DATA EXTRACT
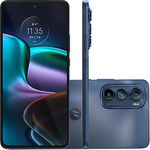 USADO: Smartphone Motorola Edge 30 256GB 5G Wi-Fi Tela 6.5' Dual Chip 8GB RAM Câmera + Selfie 32MP - Grafite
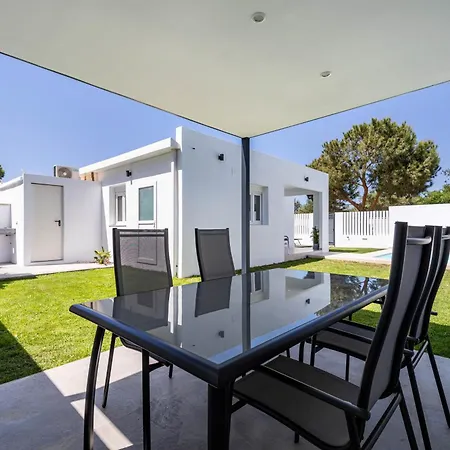 Meraki2-picina Cubierta Climatizada Holiday home *
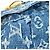 Louis Vuitton M46836 Nuovo Zaino Remix Venezia Blu - vista 6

ACTIVITY
Every line of the listing above is to be retyped exactly, but the pictures are to be dropped.

EXPECTED OUTPUT
 USADO: Smartphone Motorola Edge 30 256GB 5G Wi-Fi Tela 6.5' Dual Chip 8GB RAM Câmera + Selfie 32MP - Grafite
 Meraki2-picina Cubierta Climatizada Holiday home *
 Louis Vuitton M46836 Nuovo Zaino Remix Venezia Blu - vista 6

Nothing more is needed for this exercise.